(Saved entries)
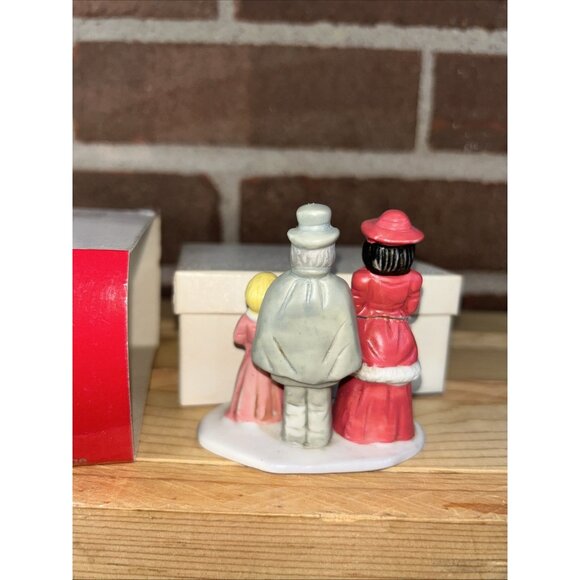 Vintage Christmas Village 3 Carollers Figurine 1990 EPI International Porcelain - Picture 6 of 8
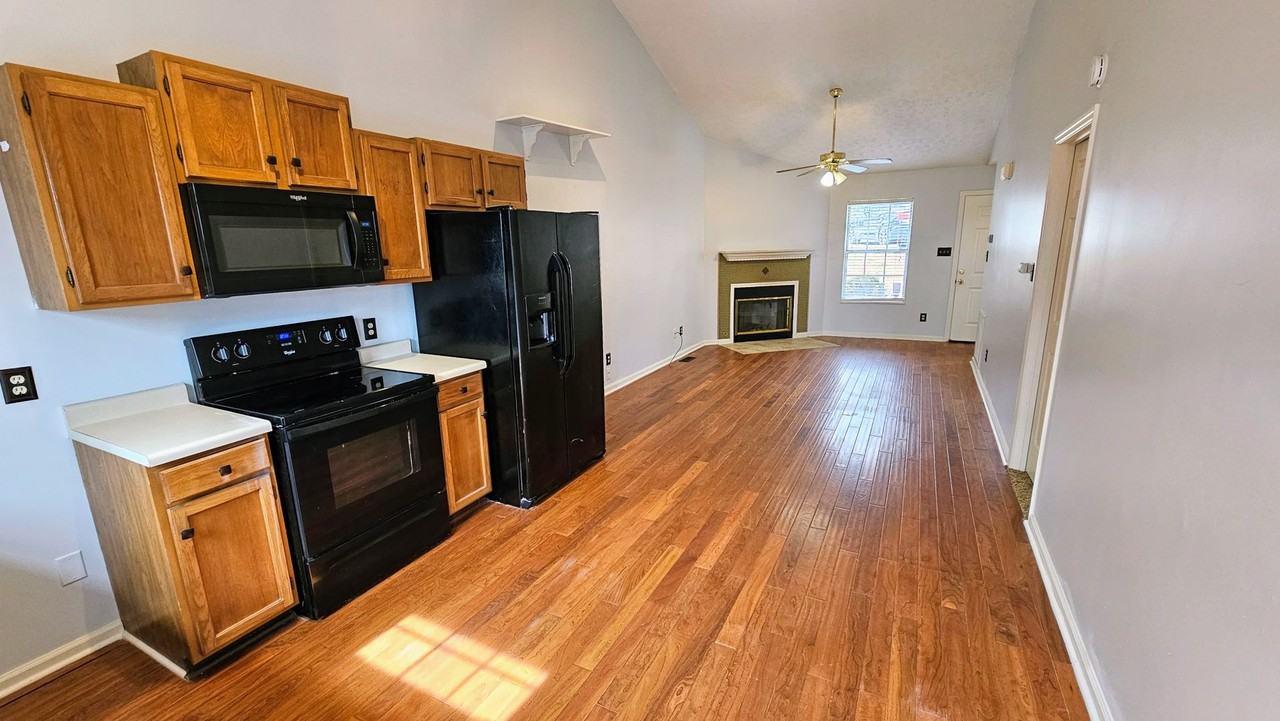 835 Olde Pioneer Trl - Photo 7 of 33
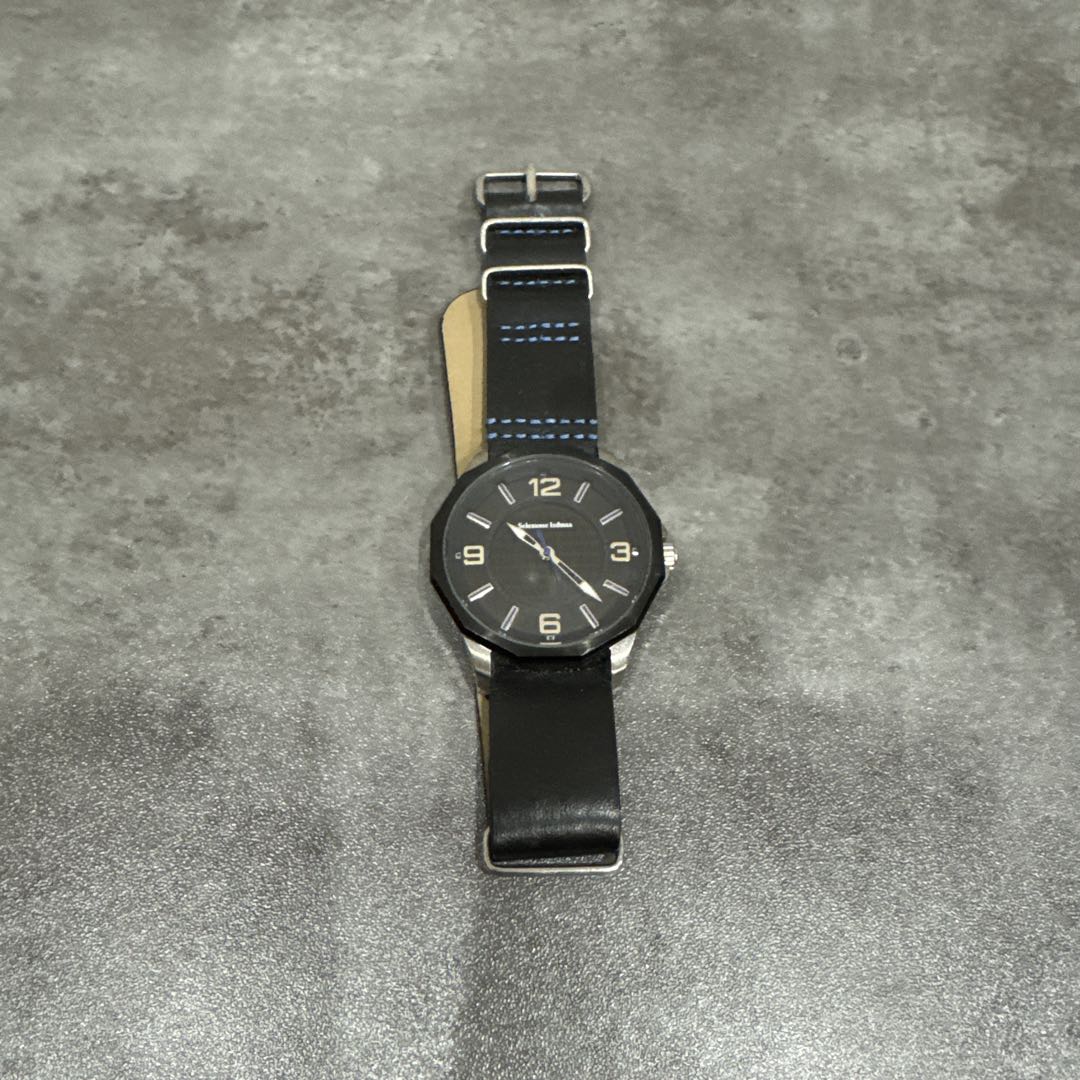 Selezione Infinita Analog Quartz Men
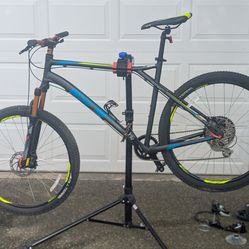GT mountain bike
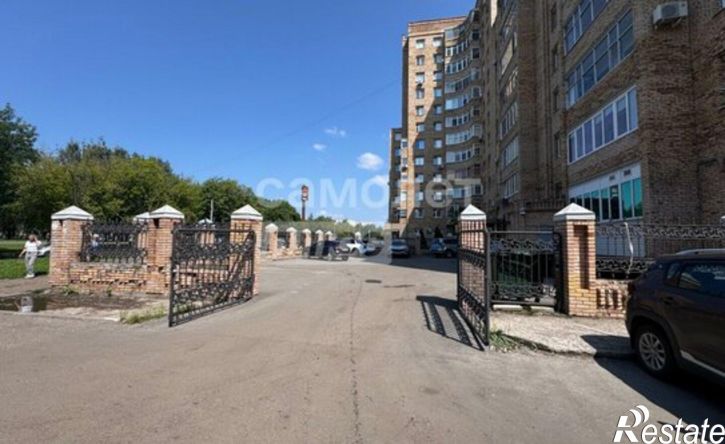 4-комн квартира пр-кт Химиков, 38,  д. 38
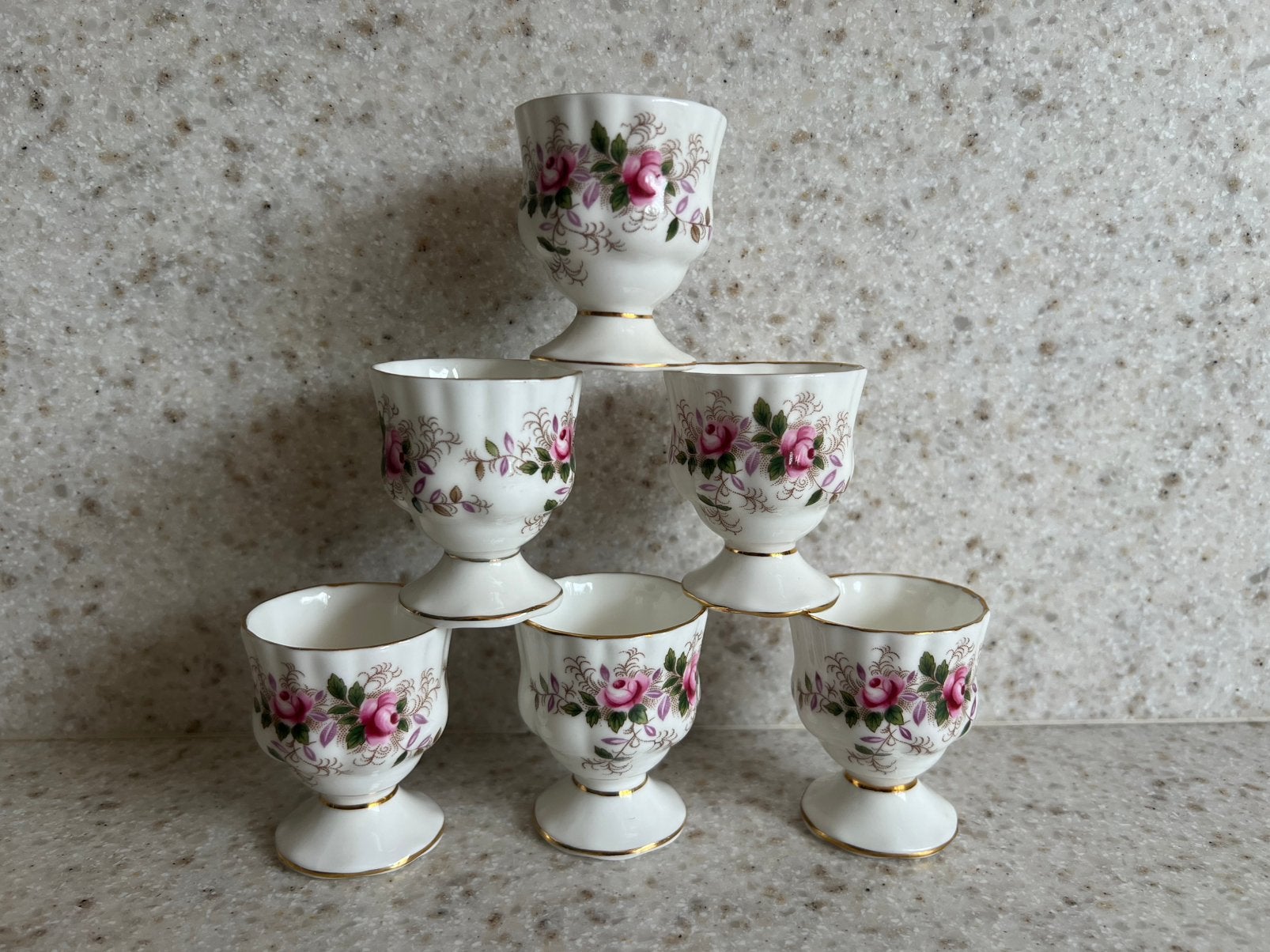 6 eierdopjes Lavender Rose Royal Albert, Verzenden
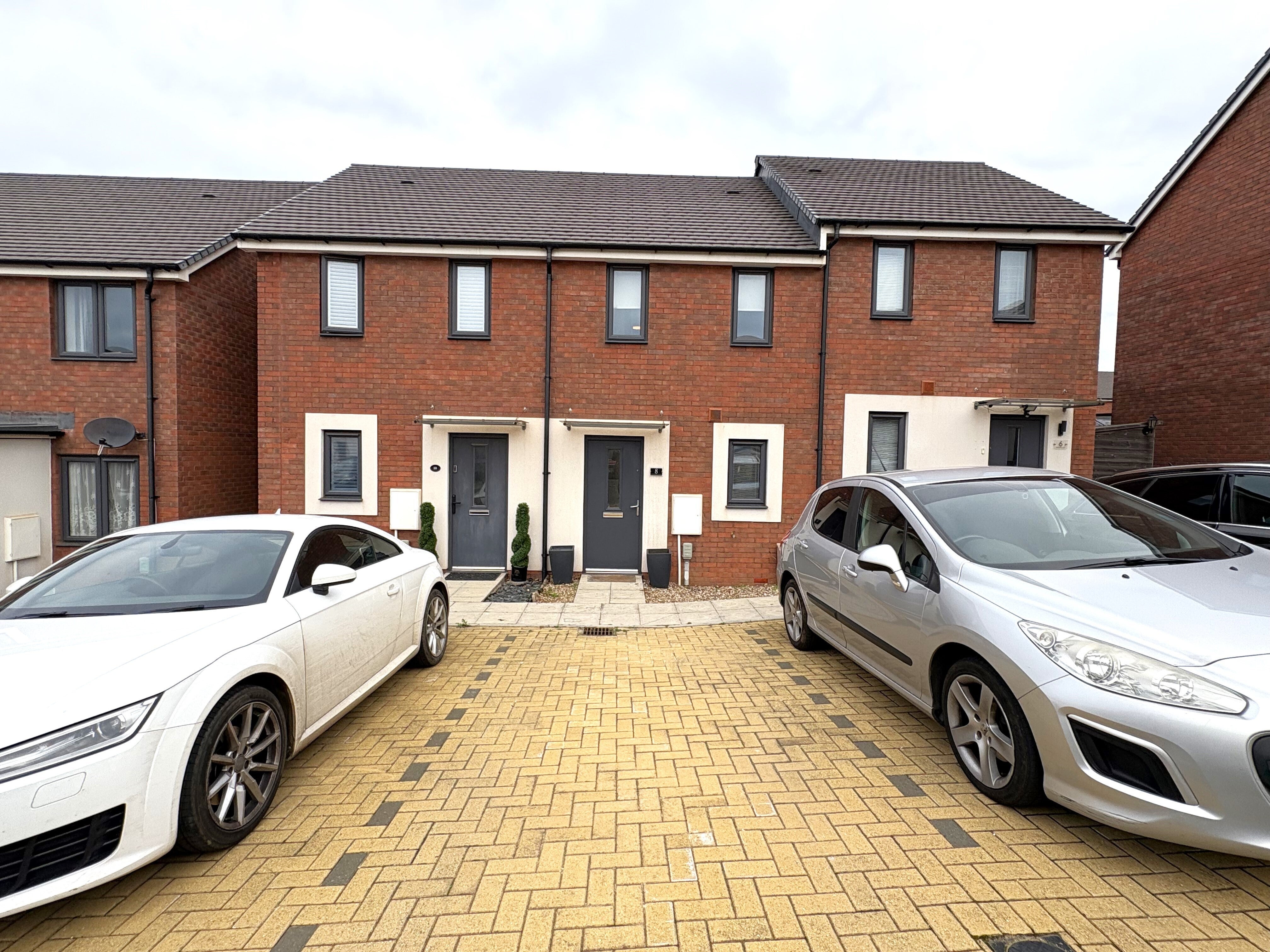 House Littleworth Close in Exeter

— THE TASK —
All the lines above need to be repeated exactly, with no pictures carried over.

— RESPONSE TO THE TASK —
 Vintage Christmas Village 3 Carollers Figurine 1990 EPI International Porcelain - Picture 6 of 8
 835 Olde Pioneer Trl - Photo 7 of 33
 Selezione Infinita Analog Quartz Men
GT mountain bike
 4-комн квартира пр-кт Химиков, 38,  д. 38
 6 eierdopjes Lavender Rose Royal Albert, Verzenden
 House Littleworth Close in Exeter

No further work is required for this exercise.